Bill Chambers was kind enough to send me word earlier in the summer of an impending exhaustive, four-disc (!) version of Dust Devil coming from Subversive Cinema. (I wrote about this and its predecessor, Hardware, at Cinemarati in December.) You might think the last thing the world needs is a fuggin' four-DVD version of what amounts to a solid B horror movie, cult following or no. But it looks definitive -- sure, it's got the two versions of the film, with audio commentary and a "featurette." But it's also got several unrelated documentaries by director Richard Stanley, on the subjects of Afghanistan, Haitian voodoo, and the search for the Holy Grail. Of course it's possible they all suck. But maybe not. And it can't help but be a big upgrade from the German DVD I picked up at Mondo Kim's on St. Mark's last year. For $29.95, I think I'll take the chance. Scarecrow Video has it listed as a 9/26 release and is taking pre-orders.

Tonight, Friday, August 25, I'll be introducing a showing of Clash of the Titans at the Rubin Museum of Art in New York City. (No, I don't know what they were thinking, either.)

The museum is on West 17th Street in Chelsea, and is dedicated to art of the Himalayas and surrounding regions. Cool, huh? Clash of the Titans is screening as part of a film series called The Icarus Syndrome, which is tied in to a current exhibition: Take to the Sky: FLYING MYSTICS in Himalayan Art.

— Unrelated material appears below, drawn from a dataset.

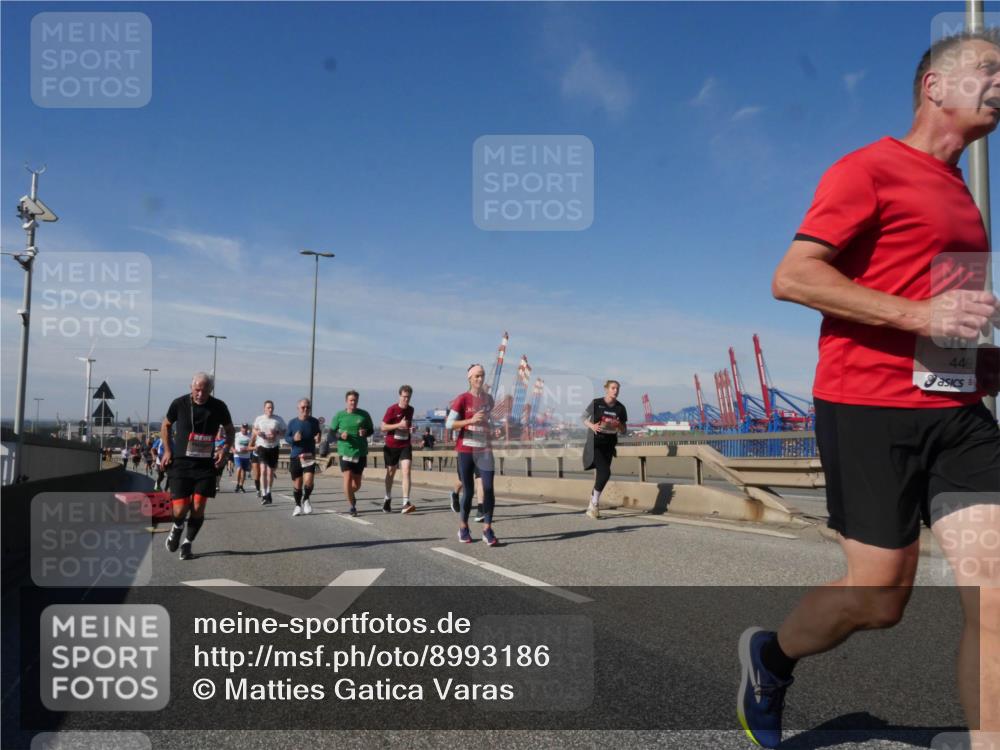 03.10.2025 - Köhlbrandbrückenlauf Matties Gatica Varas http://msf.ph/oto/8993186 03.10.2025 12:45:47 Position 2 446 meine-sportfotos.de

I don't know a lot about flying mystics, but I'll be talking up Ray Harryhausen for sure, since he's some kind of mystic on his own.

Admission is free with, hey, a $7 bar minimum. I'm not sure whether it's screening on film or video (I suspect the latter) so be warned. Stop by and say hello if you're in the mood. Details at the museum's Web page, linked above.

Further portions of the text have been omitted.